*Exercise*.
After locating the line with "Bamboo Shape Cutout" below, output it and each following line exactly, stopping after the line with "Left front driveshaft". No pictures.

*Dataset entries*.
------------------------------------------------

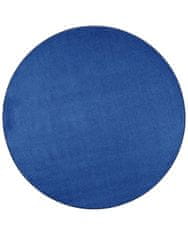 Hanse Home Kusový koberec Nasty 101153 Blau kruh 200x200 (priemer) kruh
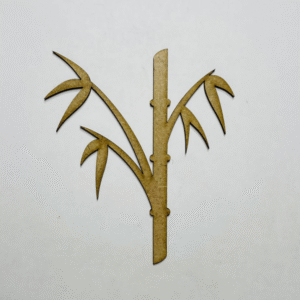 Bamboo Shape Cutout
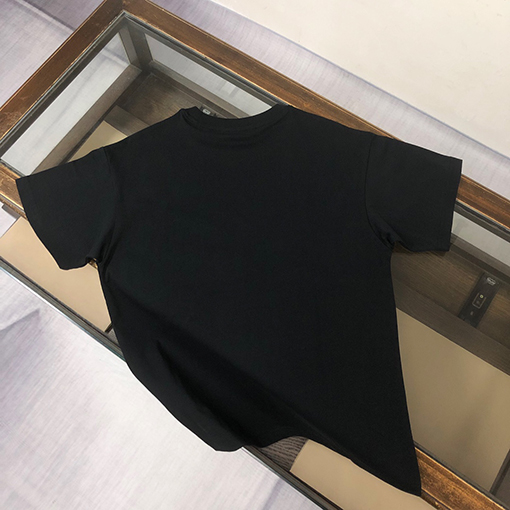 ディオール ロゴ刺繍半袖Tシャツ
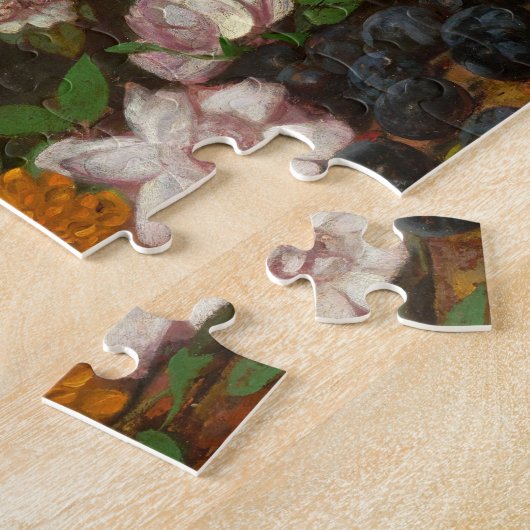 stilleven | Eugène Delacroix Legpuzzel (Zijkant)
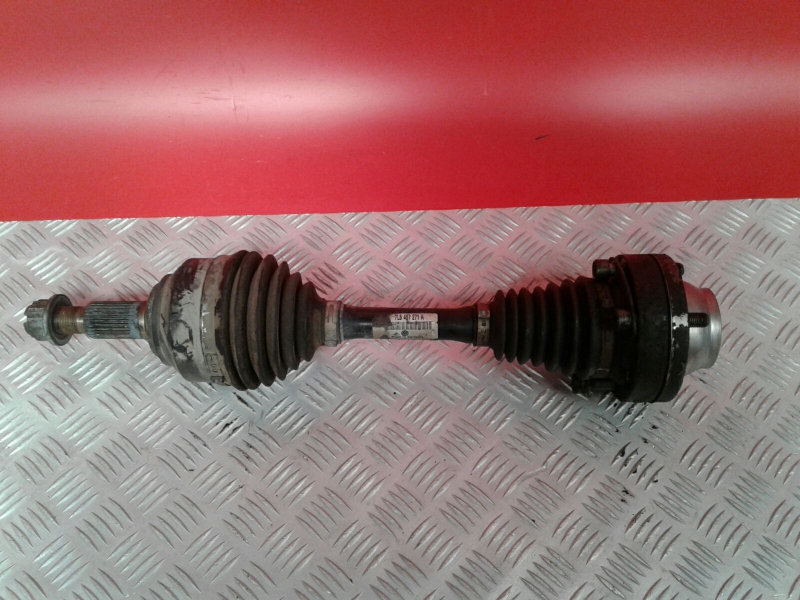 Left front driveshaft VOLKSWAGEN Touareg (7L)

------------------------------------------------

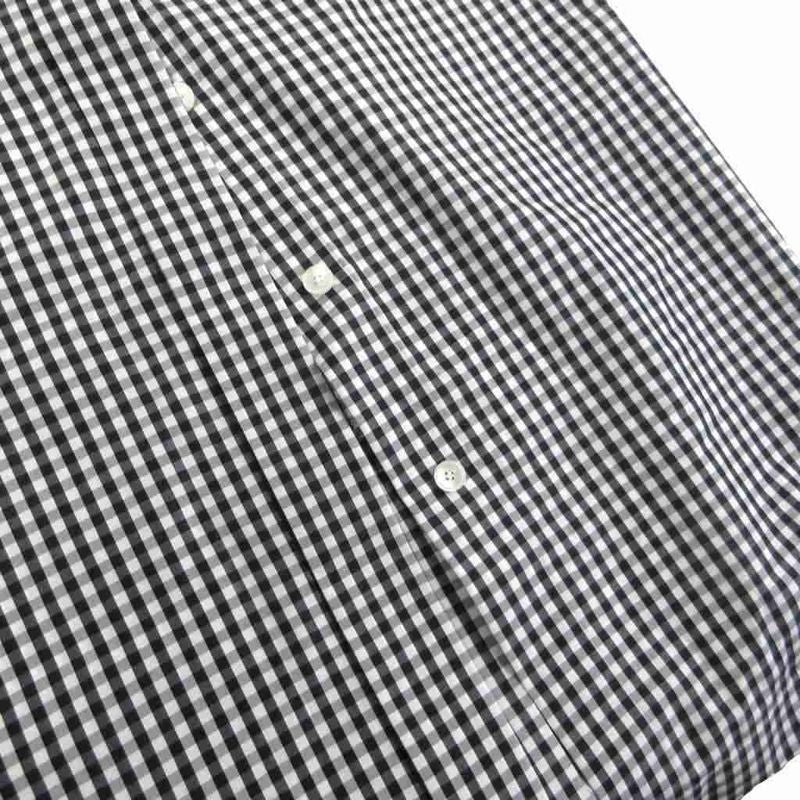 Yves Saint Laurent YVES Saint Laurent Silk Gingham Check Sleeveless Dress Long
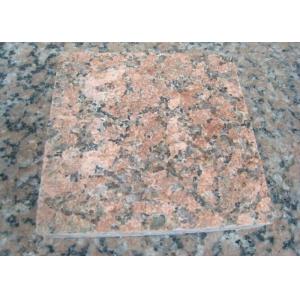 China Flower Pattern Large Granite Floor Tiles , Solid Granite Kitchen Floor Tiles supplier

------------------------------------------------

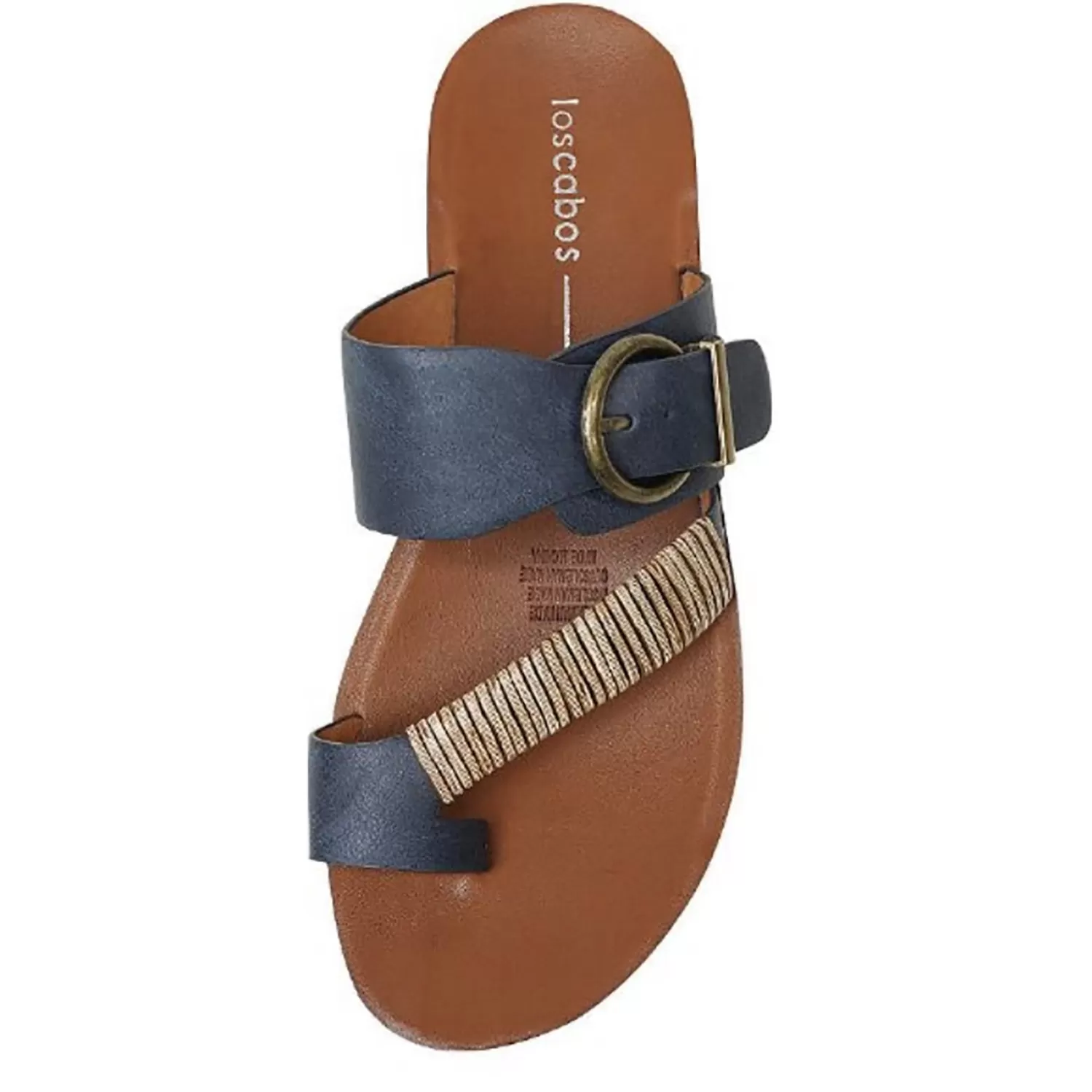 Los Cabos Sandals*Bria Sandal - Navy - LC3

------------------------------------------------

*Response area*.
 Bamboo Shape Cutout
 ディオール ロゴ刺繍半袖Tシャツ
 stilleven | Eugène Delacroix Legpuzzel (Zijkant)
 Left front driveshaft VOLKSWAGEN Touareg (7L)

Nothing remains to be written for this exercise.